Obat anti-nyamuk HIT yang dinyatakan berbahaya yaitu jenis HIT 2,1 A (jenis semprot) dan HIT 17 L (cair isi ulang
Departemen
Pertanian juga telah mengeluarkan larangan penggunaan Diklorvos untuk
pestisida dalam rumah tangga sejak awal 2004 (sumber : Republika
Online). Hal itu membuat kita dapat melihat dengan jelas bahwa
pemerintah tidak sungguh-sungguh berusaha melindungi masyarakat umum
sebagai konsumen. Produsen masih dapat menciptakan produk baru yang
berbahaya bagi konsumen tanpa inspeksi pemerintah.
Jika dilihat menurut UUD, PT Megarsari Makmur sudah melanggar beberapa pasal, yaitu :
1. Pasal 4, hak konsumen adalah :
Ayat 1 : “hak atas kenyamanan, keamanan, dan keselamatan dalam mengkonsumsi barang dan/atau jasa”
Ayat 3 : “hak atas informasi yang benar, jelas, dan jujur mengenai kondisi dan jaminan barang dan/atau jasa”
PT
Megarsari tidak pernah memberi peringatan kepada konsumennya tentang
adanya zat-zat berbahaya di dalam produk mereka. Akibatnya, kesehatan
konsumen dibahayakan dengan alasan mengurangi biaya produksi HIT.
2. Pasal 7, kewajiban pelaku usaha adalah :
Ayat 2 : “memberikan informasi yang benar, jelas dan jujur mengenai kondisi dan jaminan barang dan/atau jasa serta
memberi penjelasan penggunaan, perbaikan dan pemeliharaan”
PT
Megarsari tidak pernah memberi indikasi penggunaan pada produk mereka,
dimana seharusnya apabila sebuah kamar disemprot dengan pestisida,
harus dibiarkan selama setengah jam sebelum boleh dimasuki lagi.
3. Pasal 8
Ayat 1 : “Pelaku usaha dilarang memproduksi dan/atau memperdagangkan barang dan/atau jasa yang : tidak
memenuhi atau tidak sesuai dengan standar yang dipersyaratkan dan ketentuan peraturan perundang-undangan”

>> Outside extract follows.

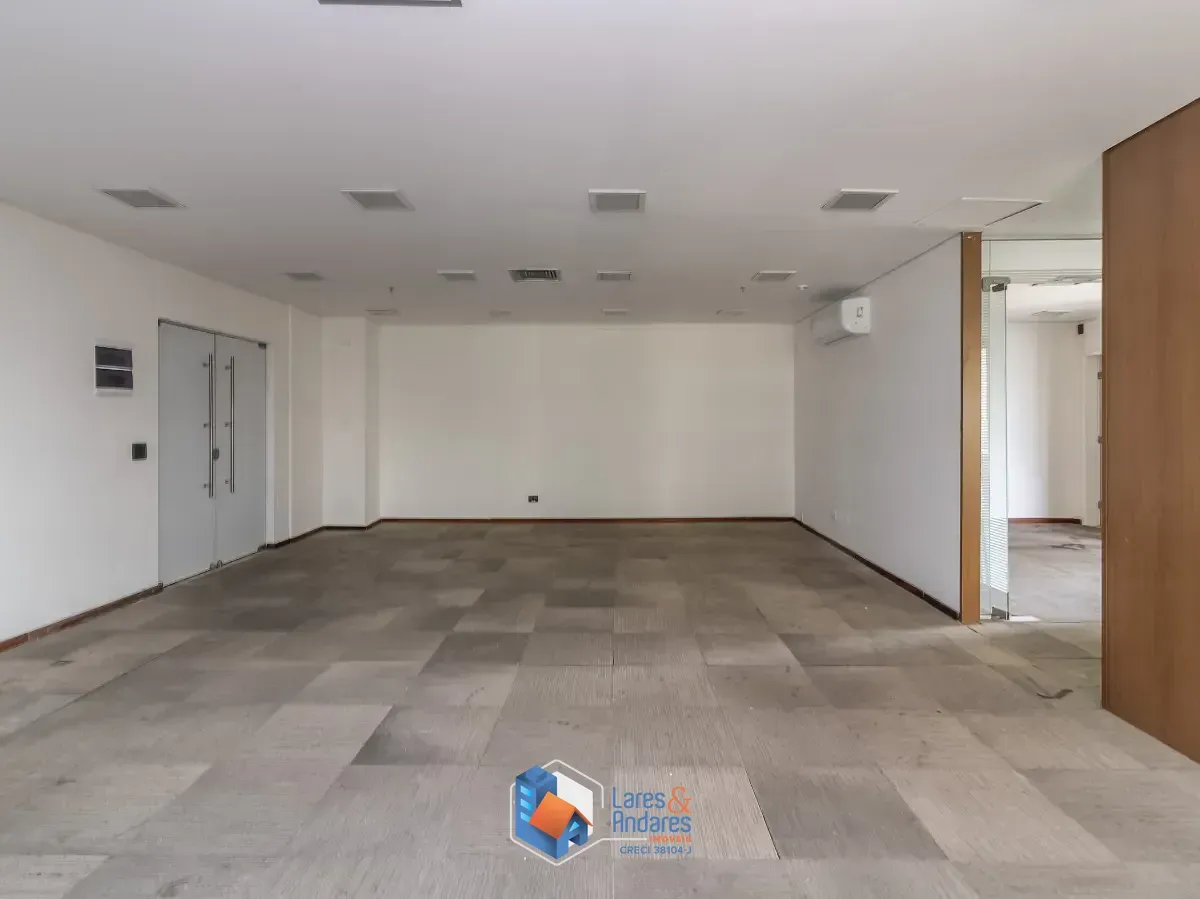 Imagem Conjunto comercial para venda em Vila Olímpia, 110m²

Ayat 4 : “Pelaku usaha yang melakukan pelanggaran pada ayat (1) dan ayat (2) dilarang memperdagangkan barang
dan/atau jasa tersebut serta wajib menariknya dari peredaran”
PT
Megarsari tetap meluncurkan produk mereka walaupun produk HIT tersebut
tidak memenuhi standar dan ketentuan yang berlaku bagi barang tersebut.
Seharusnya, produk HIT tersebut sudah ditarik dari peredaran agar tidak
terjadi hal-hal yang tidak diinginkan, tetapi mereka tetap menjualnya
walaupun sudah ada korban dari produknya.
4. Pasal 19 :
Ayat 1 : “Pelaku usaha bertanggung jawab memberikan ganti rugi atas kerusakan, pencemaran, dan/atau kerugian
konsumen akibat mengkonsumsi barang dan/atau jasa yang dihasilkan atau diperdagangkan”

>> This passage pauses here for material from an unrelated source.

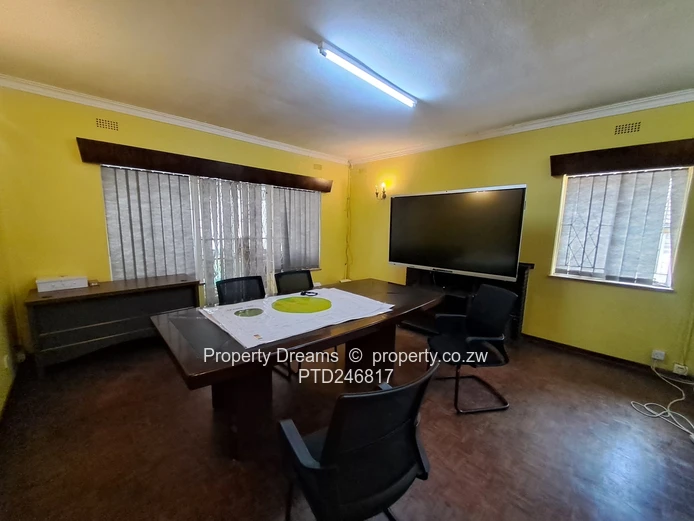 4-Bed Hillside Home on 1,237m² with Borehole & Garage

Ayat 2 : “Ganti rugi sebagaimana dimaksud pada ayat (1) dapat berupa pengembalian uang atau penggantian barang
dan/atau jasa yang sejenis atau setara nilainya, atau perawatan kesehatan dan/atau pemberian santunan yang sesuai
dengan ketentuan peraturan perundang-undangan yang berlaku”
Ayat 3 : “Pemberian ganti rugi dilaksanakan dalam tenggang waktu 7 (tujuh) hari setelah tanggal transaksi”
Menurut pasal tersebut, PT Megarsari harus memberikan ganti rugi kepada konsumen karena telah merugikan para konsumen.